“It’s all about the fanny.”
Sara Blakely was explaining the form and function of Spanx, the footless, butt-shaping pantyhose she invented, to an English journalist on the BBC.
“Spanx is designed to lift, smooth and separate the fanny,” she gushed. Blakely is the animated type who speaks with her hands, so she made some lifting and smoothing motions as she spoke—oblivious to her interviewer’s reaction. Finally, the panicked Englishman interrupted, his plummy accent turning firm: “I think you mean ‘bum.’”
Blakely shrugged off the semantics until after the mic was off, whereupon he clarified them for her.
Photograph by David Stuart; makeup by Viktorija/L'Agence; hair by Radmila Borkovic; spread from our June 2004 issue
“He explained that ‘fanny’ is British slang for vagina,” says Blakely, rolling her eyes over the mortification of inadvertently telling “the entire United Kingdom” that her product would essentially perform the function of a gynecologist’s stirrups. It is a classic anecdote from the archives of Spanx corporate culture—ultra-femme, self-mockingly funny and nearing naughtiness without quite placing a pedicured toe over the line.
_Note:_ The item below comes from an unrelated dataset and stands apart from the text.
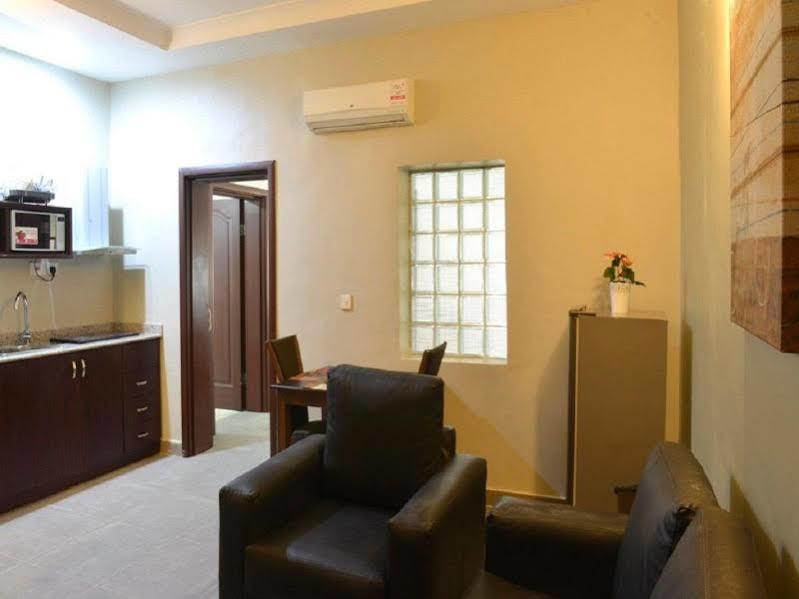 Sheer Luxury Apartments And Suites Абуджа Екстериор снимка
With her blond good looks and quick comic timing, Blakely, 33, evokes a starlet from the screwball-comedy era, a woman who could slip on a banana peel and fall, arms flailing, into the embrace of the leading man. A woman boldly willing to make an ass of herself.
Her success with the almost four-year-old, multimillion-dollar company has been anthologized in the business press as a parable of plucky, feminist entrepreneurship—what would happen if Horatio Alger paused to check his derriere in the mirror before pulling himself up by his bootstraps.
In her 20s, Blakely was selling fax machines door-to-door by day, doing stand-up comedy at night and generally leading the life of a fun-loving Atlanta fashionista with big ambitions. Her eureka moment came when she faced a bugaboo that confronts every clotheshorse at some time or another: a pair of cream-colored summer pants that showcased her drawers along with “every physical flaw” in glaring bas-relief. Appalled by her rearview reflection, but without time to hunt down another outfit, Blakely simply cut the feet off her control-top pantyhose and wore them as an undergarment. No bulges, no dreaded VPL (visible panty lines).
Inspired by that revelation, she scoured stores for footless pantyhose, but that quest proved futile. “People would say, ‘What a great idea,’ but that was as far as it went.” So, eyeing a market niche, she secured a patent and, with her savings of $5,000, hit the road for North Carolina, where much of the world’s hosiery is produced in textile mills. As she pleaded with mill owner after mill owner to consider her idea, she bumped up against the patriarchy of pantyhose. “The industry is run by men,” she says. “And they don’t wear pantyhose—or if they do, they don’t admit it. A man’s solution to panty lines is a G-string. They put underwear in the exact place we’ve been trying to get it out of.”
Finally, one of the mill owners who had turned her down called back with an offer to make a prototype of her “crazy idea.” When Blakely asked what changed his mind, he simply said, “I have two daughters.”